I'm not persuaded that this is sufficient.
One goal of an object-capability language should be to enable two
mutually-distrusting components to interact and collaborate securely.
The failures of full abstraction can cause severe problems for that
goal, even if they don't break the security checks surrounding, e.g.,
static authority-bearing methods.
For instance, consider this code:
public boolean static foo(byte b) {
return b <= 127 && b >= -128;
}
Suppose that malicious code is able to call foo(). What values
might be returned?
That's a trick question. The answer is, it depends. If malicious
code is constrained to be written in Java source code, the return
value will always be "true". But if you allow malicious JVML bytecode,
it is possible to invoke foo() in a way that causes it to return
"false". (Nope, you don't need to posit native methods or reflection
or any of that gunk. Yes, the malicious JVML bytecode will be
accepted by the JVML bytecode verifier.)
This is a surprise that could create unpredictable security problems
for a Java programmer who writes her code to defend against malicious
clients written in Java, without realizing the crazy things that malicious
clients can do if they are written in bytecode. (It's arguably realistic
to expect programmers to reason about what things a malicious client
can do within the language: programmers have to be familiar with the
language to write code in it, so they have some chance of reasoning about
what arbitrary code in that language can do. But when you introduce
a language that programmers don't write in directly, like JVML, that
argument falls apart.)
Read the Joe-E spec, particularly the appendix, for more examples.

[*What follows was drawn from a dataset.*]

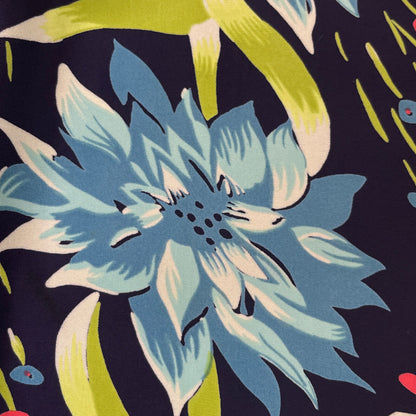 SUN SURF サンサーフ SS35326 TROPICAL FLOWER BORDER トップス L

At first, when I started to learn about these issues, I think my initial
reaction was to think, how bad can this be? Surely this is manageable.
But as the list started to grow, I eventually gave up any hope that
programmers could be expected to keep track of all the hazards introduced
by allowing malicious JVML bytecode. I don't even know how we'd get
confidence that we have the complete list of such hazards, let alone
train programmers to watch out for them.
Is there a strong reason to work with arbitrary JVML bytecode instead
of Java source? If there is, perhaps you could consider an architecture
that disassembles the JVML bytecode to Java source, verifies the source,
and then recompiles the source to bytecode; this may have issues, but
at least it bypasses the failures of full abstraction in JVML bytecode.